Victory at last, the prized certificate is obtained. You are then directed to drive across town to the tax office to obtain your TRN number (not the personal one which is easy, but the business TRN). This office then directs you back to the dreaded Registry of Companies to obtain certified copies of all your submissions. The cost is J$150.00 per page and my application was 30 pages. Why couldn't the Registry of Companies also issue the TRN? This is not pro-business and does not encourage citizens to become legitimate tax paying companies. Our police can then close down those who are not registered and blame them for not having a certificate. Is this any way to run a country? I completely agree with Mr. Butch Stewart and the business leaders quoted in the Observer article. We can and should do better.

The problem, I believe, is that in Jamaica relationships is king. You cannot get anything done without knowing someone. Merit, skills, education, good ethics and good citizenship is useless baggage and count for little if it isn’t combined with connections either by blood or friendship. No employment of the most trivial nature, well paid or not, is possible if you don’t know the right people or if you cannot return a favour. If you do not at least have the potential of "doing a thing" or exert influence, you are ignored. If an influential politician is approached by the daughter of a friend who has no skills, never worked, has no aptitude for the work and was too lazy to pursue an education, the government minister will likely say: “Ms. Johnson,this is Susan, please find something for her to do with an appropriate salary. She is my nephew." No work will be required and when other employees find out about this political appointment, they will decide that they don’t need to work either. But the competent ones will be terminated and their responsibilities transferred to these incompetents. To have the friendship of people of influence is money in the bank but makes the good citizens angry, frustrated and impatient.

A Feast for your Eyes

If you had been in Jamaica on Saturday, your eyes would have beheld this glory. A rainbow that went from horizon to horizon and was so close you could touch it. Stephannie and I touched it with not only our eyes but our souls.

Friday, May 8, 2009

Jamaicans Living Foreign

Welcome Home to Jamaica

I was reading the New York Times (Friday, May 08, 2009) and came across the following headline: “Abkhazia Lures Its Expatriates, Welcoming Them One by One” (Ellen Barry). Panama currently has an active recruitment campaign to bring home their expats and I also recall the successful call for all Jews to return to Israel.

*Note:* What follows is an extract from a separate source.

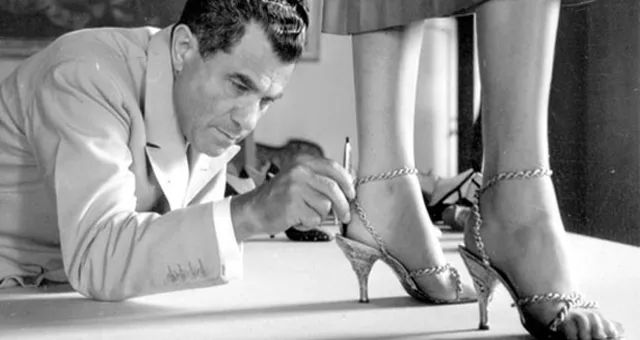 林允纪梵希代言,林允菲拉格慕香水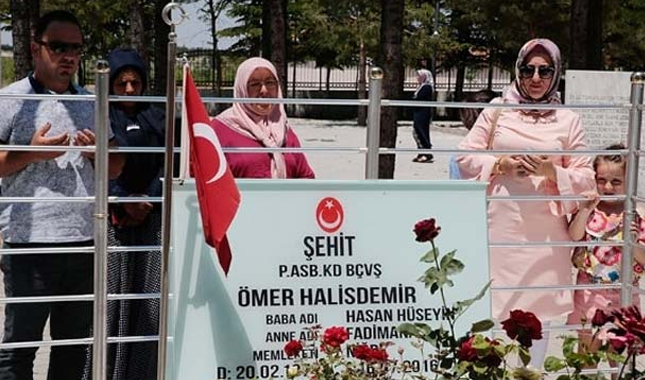 Şehit Ömer Halisdemir'in kabrine bayram ziyareti gerçekleştirildi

It started me thinking that Jamaica could benefit if we extended the same welcome to our retiring expatriates. There are more Jamaicans living abroad than living in Jamaica. I would love to see a serious welcome mat extended. Now that I have retired and returned, I was actually looking forward to seeing my old schoolmates but they are now scattered throughout the whole wide world. In my fifty years living in the United States, I had the good fortune of visiting every state of the United States and over half the countries of the world. I met Jamaicans at practically every stop. Jamaicans love to engage each other particularly when we are away from Jamaica. My assessment is that Jamaicans living abroad excel financially, educationally and culturally. The values that were beat into us served us well as we explored the world. Every one of them want to make a positive contribution, particularly to the education of our youth.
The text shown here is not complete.